- Born: Ray Teitelbaum April 12, 1943 (age 83)
- Education: Massachusetts Institute of Technology (SB) Carnegie Mellon University (PhD)
- Scientific career
- Workplaces: Cornell University (1973-present) GrammaTech (1988-2019) Institut National de Recherche en Informatique et en Automatique (INRIA) in Rocquencourt, France (1982-83)
- Thesis: Minimum Distance Analysis of Syntax Errors in Computer Programs (1975)
- Doctoral advisor: Nico Habermann
- Doctoral students: Thomas W. Reps Susan B. Horwitz Bill Pugh Yanhong Annie Liu
- Website: www.cs.cornell.edu/info/people/tt/tim_teitelbaum.html

= Tim Teitelbaum =

American computer scientist (born 1943)

(Ray) Tim Teitelbaum (born April 12, 1943, United States) is an American computer scientist known for his early work on integrated development environments (IDEs), syntax-directed editing, and incremental computation. He is Professor Emeritus at Cornell University. As an educator and faculty member of the Cornell University Computer Science Department since 1973, he was recognized for his large-scale teaching of introductory programming, and for his mentoring of highly successful graduate students. As a businessman, he is known for having co-founded GrammaTech, Inc. and for having been its sole CEO from 1988 to 2019.

==Education==
Teitelbaum was educated at Massachusetts Institute of Technology and Carnegie Mellon University.

==Career and research==
In 1978, Teitelbaum created the Cornell Program Synthesizer, one of the seminal systems that demonstrated the power of tightly integrating a collection of program development tools, all deeply knowledgeable about a programming language and its semantics, into one unified framework. The Cornell Program Synthesizer used PL/CS, a variant of the PL/C language dialect developed at Cornell. Teitelbaum's more than 45 lectures and demonstrations of this early IDE during 1979–82, as well as the credo of his 1981 paper co-authored with graduate student Thomas Reps, asserted:

Programs are not text; they are hierarchical compositions of computational structures and should be edited, executed, and debugged in an environment that consistently acknowledges and reinforces this viewpoint.

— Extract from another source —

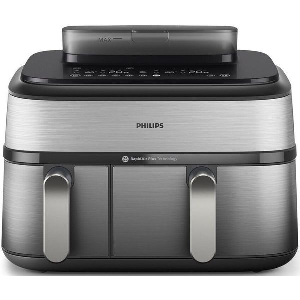 AIR FRYER PHILIPS 555/00 9L 2750W SILVER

This was followed in 1984 by the Synthesizer Generator, also done in collaboration with Reps, which allowed a Program Synthesizer to be generated for different programming languages based on supplying attribute grammars.

Motivated by the importance of immediate feedback in interactive systems such as IDEs, Teitelbaum's research in the 1980s and 1990s focused on the problem of incremental computation:

Given a program P written in language L, and the result of executing P on input x, how can one efficiently determine the result of running P on input x′, where the difference between x and x′ is some small increment x′-x.

In a body of work with his graduate students, Teitelbaum investigated this problem for a range of languages L that included attribute grammars, SQL, first-order functional languages, and the lambda calculus. In addition to incremental evaluation methods, the work also included program transformation methods, i.e., the automatic derivation from P of an incremental program P′, where executing P′ on previous result P(x), increment x′-x, and auxiliary information retained from previous executions, efficiently performs the same computation as executing P on input x′.

Teitelbaum's work at GrammaTech aimed at the design and implementation of tools that assist in making software safer and more secure. Techniques include static program analysis and dynamic program analysis of both source code and machine code.

Teitelbaum authored a free language-agnostic programming textbook, Principled Programming — Introduction to Coding in Any Imperative Language, in 2023.

===Awards and honors===
Teitelbaum was co-recipient of the Association for Computing Machinery SIGSOFT Retrospective Impact Paper Award (2010) for his 1984 paper co-authored with Thomas Reps on the Synthesizer Generator.